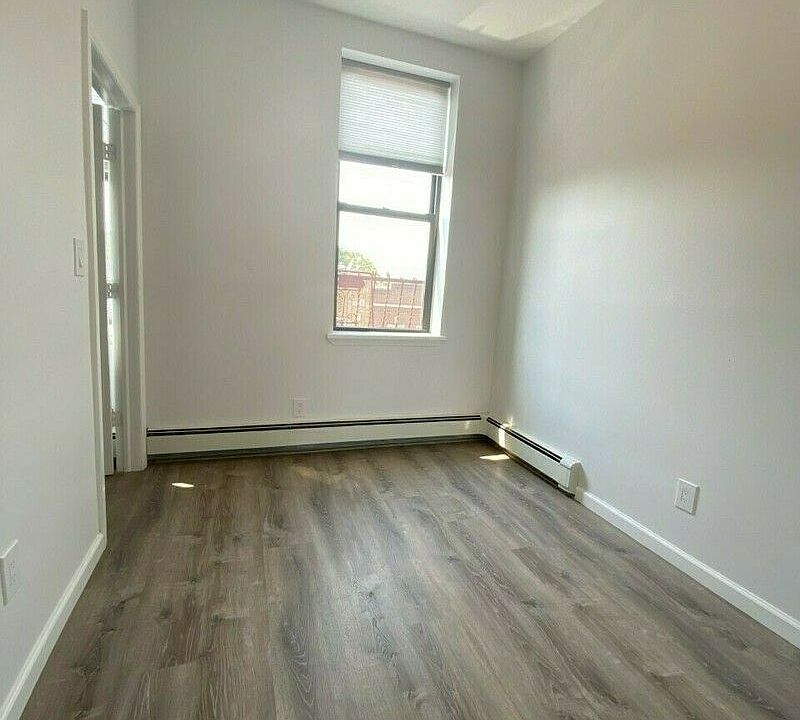 1st image of 221 Smith St #4F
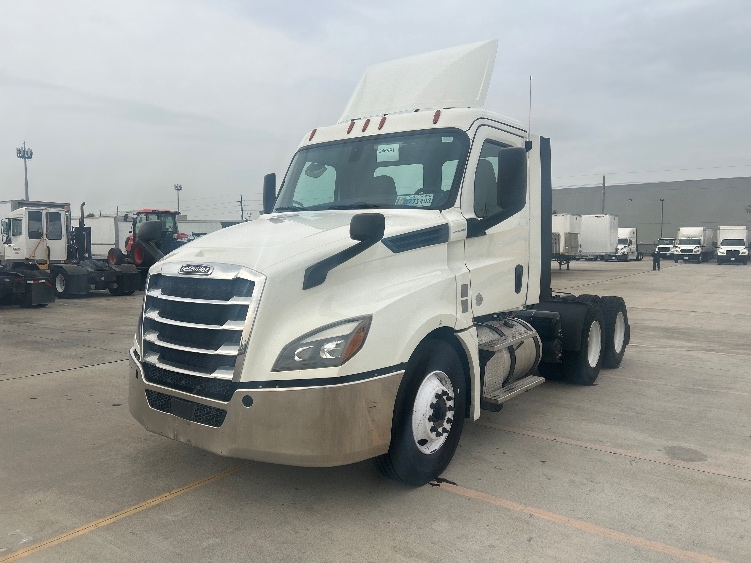 2019 Freightliner in Houston, TX — photo 3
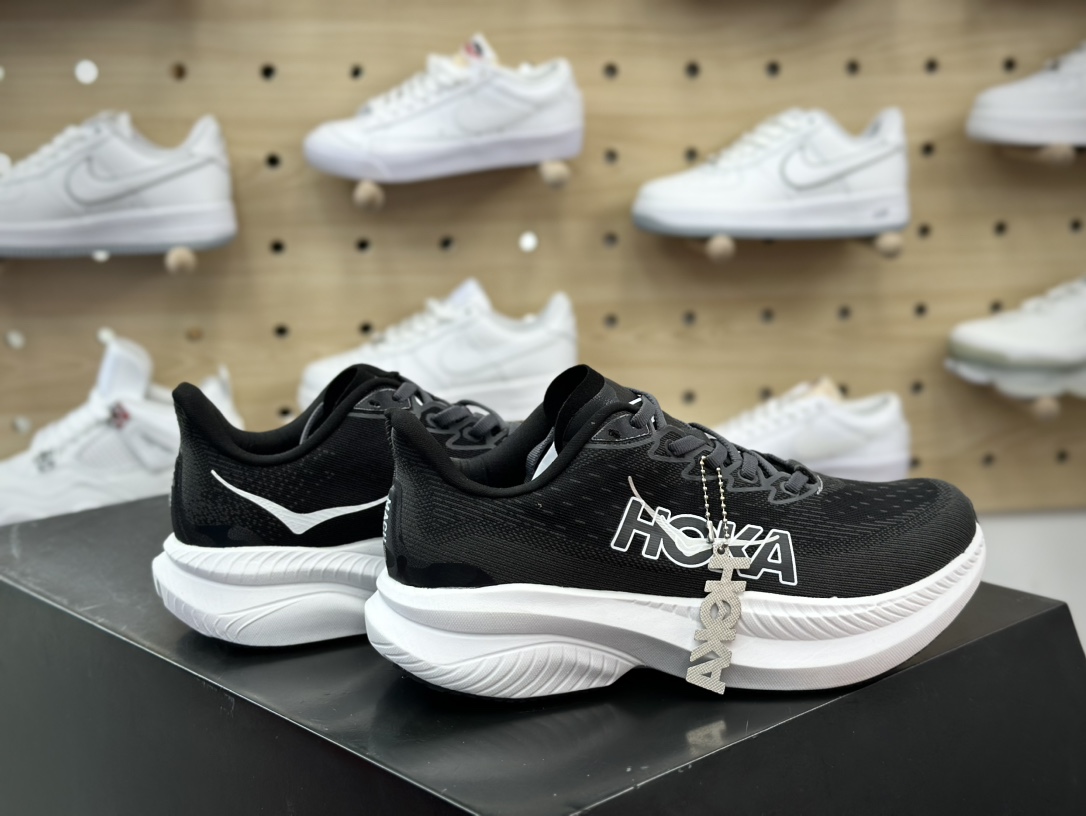 200 Hoka One One Mach 6 Low 马赫6代系列低帮慢跑鞋“网织黑白”1147790/BWHT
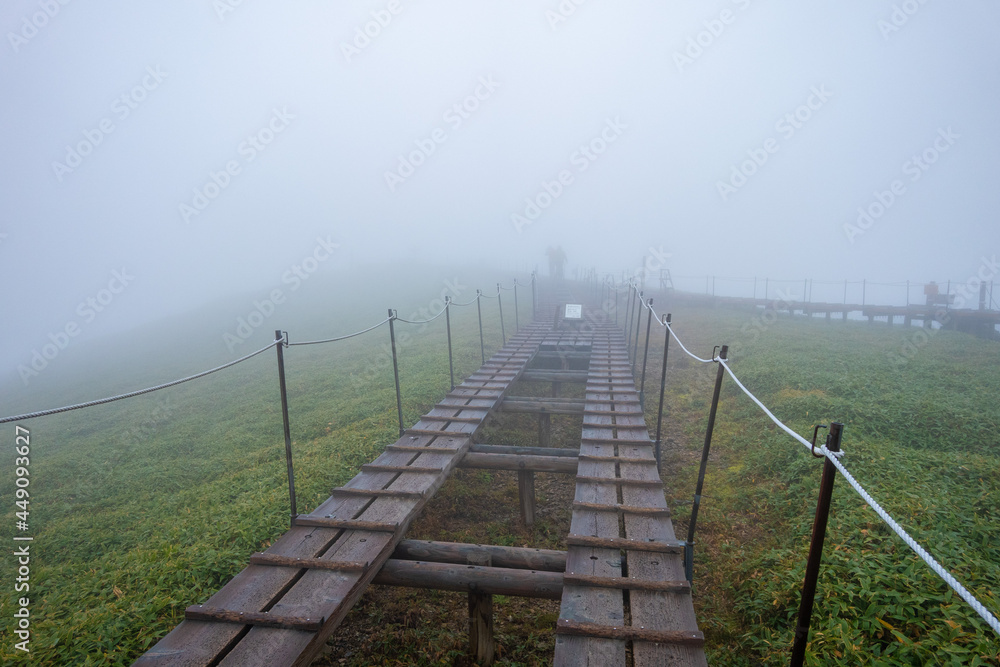 徳島県美馬市、三好市、那賀町にある剣山を登山している風景 Scenery of climbing Mount Tsurugi in Mima City, Miyoshi City, and Naka Town, Tokushima Prefecture. 徳島県美馬市、三好市、那賀町にある剣山を登山している風景 Scenery of climbing Mount Tsurugi in Mima City, Miyoshi City, and Naka Town, Tokushima Prefecture.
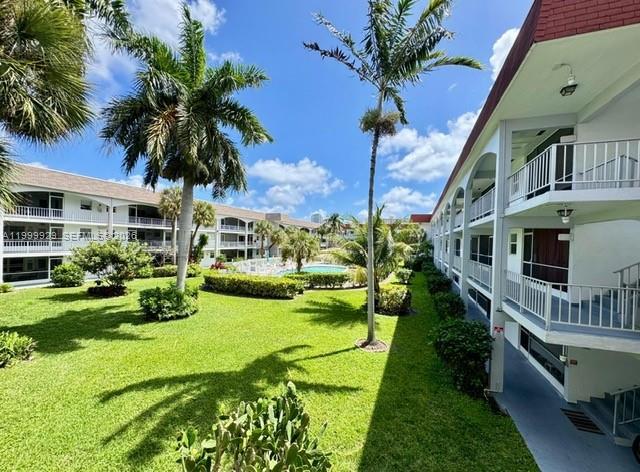 581 Blue Heron Drive 221-B, Hallandale Beach, Florida 33009, Amerika Birleşik Devletleri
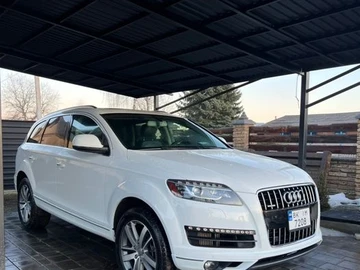 Авто Audi Q7 2015 № 8549386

◆ Instructions for the task ◆
Should a picture appear among the entries, skip it and copy the rest exactly.

◆ Answer section ◆
 1st image of 221 Smith St #4F
 2019 Freightliner in Houston, TX — photo 3
 200 Hoka One One Mach 6 Low 马赫6代系列低帮慢跑鞋“网织黑白”1147790/BWHT
 徳島県美馬市、三好市、那賀町にある剣山を登山している風景 Scenery of climbing Mount Tsurugi in Mima City, Miyoshi City, and Naka Town, Tokushima Prefecture. 徳島県美馬市、三好市、那賀町にある剣山を登山している風景 Scenery of climbing Mount Tsurugi in Mima City, Miyoshi City, and Naka Town, Tokushima Prefecture.
 581 Blue Heron Drive 221-B, Hallandale Beach, Florida 33009, Amerika Birleşik Devletleri
 Авто Audi Q7 2015 № 8549386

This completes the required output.